曲輕裾單手託著下巴,百無聊奈的看著窗外,這種沒有電腦沒有手機的日子,還真有些無聊,她打了一個哈欠,懶洋洋道:「木槿,替我找些話本傳記來。」
木槿躬身退下了,不過沒過一會兒,話本沒有等到,曲輕裾先等到一張描花灑金請柬。
「晉安長公主?」曲輕裾翻看著手裡的請柬,年節上倒是有幾個公主郡主坐在另一桌,但是這個晉安公主她卻沒有見過。如果她記憶沒有出錯的話,晉安公主乃慶德帝長女,生母雖早逝,但是卻記在皇后面下,又被皇帝封為長公主,在女眷中地位不低。只是她自從下嫁給北祿伯後便住在荊州,甚少回京。
傳聞北祿伯與晉安長公主十分恩愛,已經育有一子一女,讓朝中不少女眷豔羨,甚至是不少人眼中的模範夫妻。只是她怎麼就回京了,還在不年不節時設這種所謂的賞畫宴?
她看著帖子上漂亮的簪花小楷,送到王府的帖子應該是晉安長公主親手所寫,所謂字如其人,這位晉安長公主應該是個十分有才情的女人。

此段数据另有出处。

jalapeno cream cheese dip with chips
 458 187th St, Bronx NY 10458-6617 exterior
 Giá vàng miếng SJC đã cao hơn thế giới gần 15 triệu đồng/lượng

親手卸了一封回帖,曲輕裾待墨幹後才合上回帖,遞給旁邊侍墨的金盞道:「讓人給長公主府上送去。」
晚上,賀珩到了正院,兩人一起用完晚膳後,曲輕裾就提起了這事。
賀珩與自己這位姐姐雖然不親近,但是關於京中的一些事仍有聽聞:「兩日前長公主便已經回了京,你與她雖沒有見過,但是既然請柬已經送到了,你便去吧。」
曲輕裾把一杯消食茶遞給他,「我已經回了帖子,只是賞畫宴在三日後,後日便是上元節,我對長公主定的日子有些意外罷了。」見賀珩接茶杯時,趁機摸了摸自己的手,她含笑瞪了他一眼,「不知北祿伯可有一起回京?」
賀珩搖了搖頭,「倒是不曾聽聞,只是聽說長公主帶著二女回來了。」
曲輕裾覺得,這其中一定有什麼事情發生,長公主在上元節前回了京,只帶了孩子卻沒有帶駙馬,這會兒京中又無大事,何必走得這麼焦急?
難道說這位北祿伯做了什麼對不起長公主的事情?因為這世界上,往往被人稱為模範夫妻的總是會掉鏈子,這大概就是所謂的秀恩愛死得快。
若事實真是如此,那長公主這會兒回宮,就有些意思了。